Pasir hasil sedimentasi laut adalah logika sumir karena kajian akademiknya dangkal.
Ekonom dan pakar kebijakan publik UPN VJ Achmad Nur Hidayat menganggap, Menteri Kelautan dan Perikanan Sakti Wahyu Trenggono tidak konsisten dalam pemikirannya untuk pembenahan tata kelola lingkungan kementeriannya. Hal ini terlihat dalam Rapat Dengar Pendapat (RDP) Komisi IV DPR soal aturan PP No.26/2023 terkait pengelolaan hasil sedimentasi pasir laut justru banyak aksi pengerukan pasir laut ilegal untuk proyek reklamasi.
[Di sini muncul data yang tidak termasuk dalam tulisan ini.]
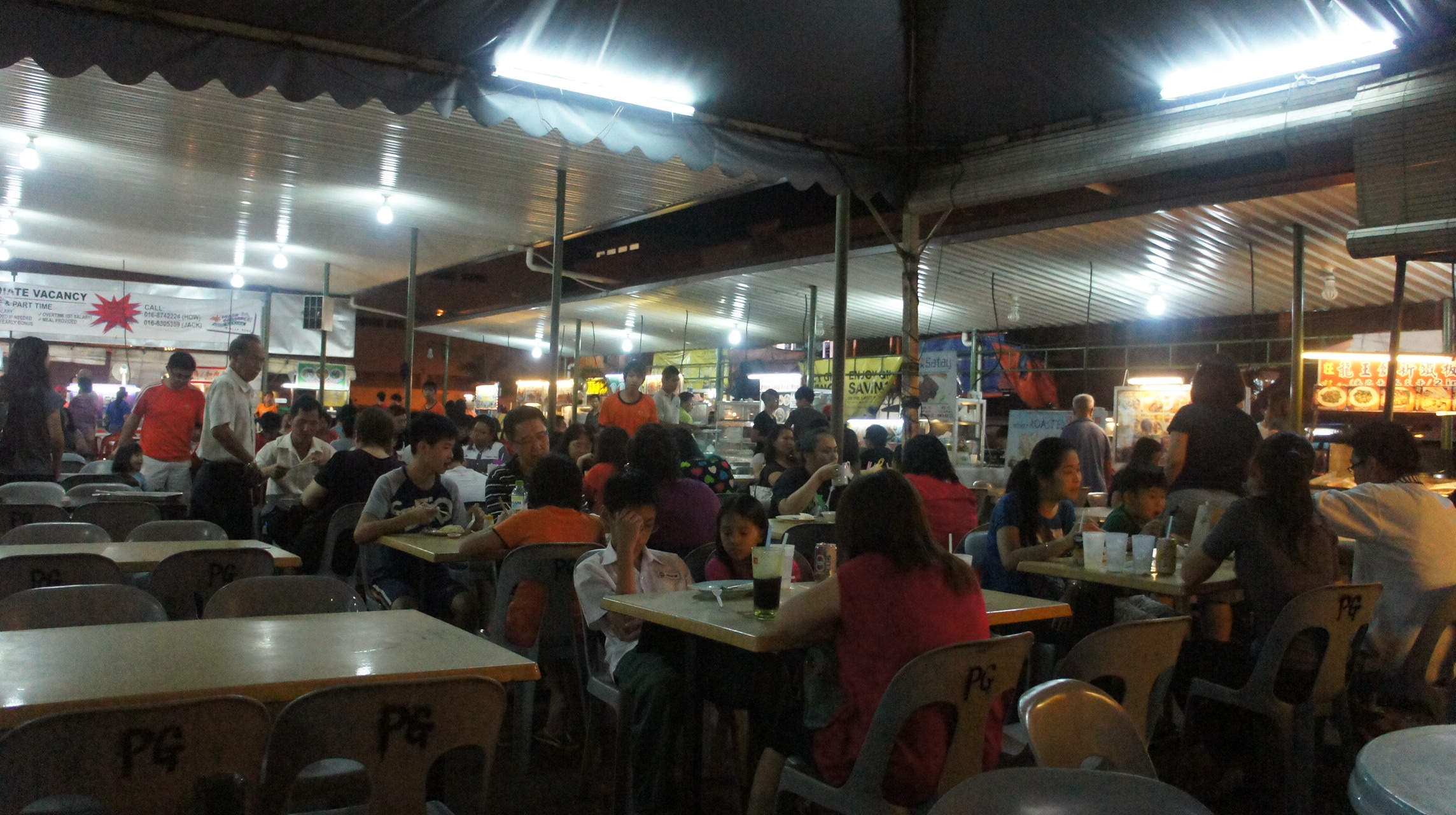 Top 10 Most Popular “Food Places” of Kuching : Travel Guide Kuching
Pada kesempatan itu, Sakti Waktu mengatakan, penambangan pasir laut secara ilegal untuk kegiatan reklamasi tidak dapat dijadikan alasan izin ekspor pasir laut menggunakan sedimen laut, justru mereka harus ditangkap dan dihukum berat. Oleh karena itu, melalui penerbitan PP 26/2023 diatur bahwa pengerukan pasir laut kini hanya bisa dilakukan terhadap pasir hasil sedimentasi.
“Ini kok aneh, bukannya mereka ditangkap dan dihukum berat, malah dicarikan solusi dan perlindungan baru melalui PP 26/2023,” katanya dalam keterangan, Kamis (15/6).
CEO Narasi Institute itu menyebut, pasir hasil sedimentasi laut adalah logika sumir karena kajian akademiknya dangkal. Bahkan, ia merasa anggapan bahwa potensi pasir laut sebesar 24 miliar meter kubik adalah hoaks.
Salah satu alasannya, karena tidak disampaikan lokasi dan kapasitas sedimentasi laut tersebut. Bahkan bila tetap dilakukan maka pengerukan sedimentasi tersebut pun akan merusak lingkungan yang ada disekitarnya.